• **Brief**
Pick out each line below containing "Cotton".

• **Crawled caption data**
====

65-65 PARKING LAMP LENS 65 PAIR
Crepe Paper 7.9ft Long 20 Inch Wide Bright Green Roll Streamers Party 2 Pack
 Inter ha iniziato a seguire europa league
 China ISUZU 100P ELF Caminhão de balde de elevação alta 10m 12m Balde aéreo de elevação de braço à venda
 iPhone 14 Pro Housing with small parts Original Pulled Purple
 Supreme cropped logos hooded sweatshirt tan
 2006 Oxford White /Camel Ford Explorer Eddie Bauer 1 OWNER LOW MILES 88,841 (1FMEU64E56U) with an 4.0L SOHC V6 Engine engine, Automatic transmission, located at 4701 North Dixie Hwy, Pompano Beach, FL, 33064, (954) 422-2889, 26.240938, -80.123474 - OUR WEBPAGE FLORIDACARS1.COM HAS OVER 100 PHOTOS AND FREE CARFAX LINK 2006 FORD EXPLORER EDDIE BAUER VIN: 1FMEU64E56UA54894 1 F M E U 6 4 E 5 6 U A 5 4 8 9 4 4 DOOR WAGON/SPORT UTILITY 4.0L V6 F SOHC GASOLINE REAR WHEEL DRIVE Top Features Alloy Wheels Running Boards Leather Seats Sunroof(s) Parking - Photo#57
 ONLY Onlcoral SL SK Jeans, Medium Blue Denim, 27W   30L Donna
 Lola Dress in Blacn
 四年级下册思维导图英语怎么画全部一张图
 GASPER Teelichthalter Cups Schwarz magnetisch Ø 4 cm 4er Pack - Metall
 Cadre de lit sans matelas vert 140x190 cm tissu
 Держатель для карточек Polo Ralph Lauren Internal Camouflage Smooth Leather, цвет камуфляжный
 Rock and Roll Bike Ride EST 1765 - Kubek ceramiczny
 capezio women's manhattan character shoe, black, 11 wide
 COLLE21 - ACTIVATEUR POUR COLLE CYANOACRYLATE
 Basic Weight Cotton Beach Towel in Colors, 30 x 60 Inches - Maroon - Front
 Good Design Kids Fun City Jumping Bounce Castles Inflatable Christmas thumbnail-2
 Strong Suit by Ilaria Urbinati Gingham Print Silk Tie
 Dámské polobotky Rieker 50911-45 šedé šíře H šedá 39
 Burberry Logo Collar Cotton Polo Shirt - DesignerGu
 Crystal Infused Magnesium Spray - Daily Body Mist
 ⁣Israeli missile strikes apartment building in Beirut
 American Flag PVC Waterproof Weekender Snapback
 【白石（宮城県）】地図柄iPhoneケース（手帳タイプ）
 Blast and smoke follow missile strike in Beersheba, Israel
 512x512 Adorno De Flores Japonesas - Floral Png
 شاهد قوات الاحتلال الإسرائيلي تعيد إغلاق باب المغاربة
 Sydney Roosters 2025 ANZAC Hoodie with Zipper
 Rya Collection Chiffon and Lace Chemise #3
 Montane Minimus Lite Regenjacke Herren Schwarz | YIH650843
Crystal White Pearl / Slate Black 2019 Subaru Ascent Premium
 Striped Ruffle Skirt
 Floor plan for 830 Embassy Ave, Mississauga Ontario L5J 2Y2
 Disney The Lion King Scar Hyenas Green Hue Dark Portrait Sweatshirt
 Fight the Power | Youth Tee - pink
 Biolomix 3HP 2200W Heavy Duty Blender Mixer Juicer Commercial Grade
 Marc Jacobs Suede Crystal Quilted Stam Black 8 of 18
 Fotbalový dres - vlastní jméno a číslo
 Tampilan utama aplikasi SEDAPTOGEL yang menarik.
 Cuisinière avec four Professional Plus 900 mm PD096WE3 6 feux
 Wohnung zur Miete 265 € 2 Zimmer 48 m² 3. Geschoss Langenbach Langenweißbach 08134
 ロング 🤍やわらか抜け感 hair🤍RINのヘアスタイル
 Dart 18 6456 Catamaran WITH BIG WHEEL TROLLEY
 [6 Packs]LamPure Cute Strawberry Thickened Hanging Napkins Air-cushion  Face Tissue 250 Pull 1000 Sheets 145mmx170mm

====

• **Exercise response**
 Basic Weight Cotton Beach Towel in Colors, 30 x 60 Inches - Maroon - Front
 Burberry Logo Collar Cotton Polo Shirt - DesignerGu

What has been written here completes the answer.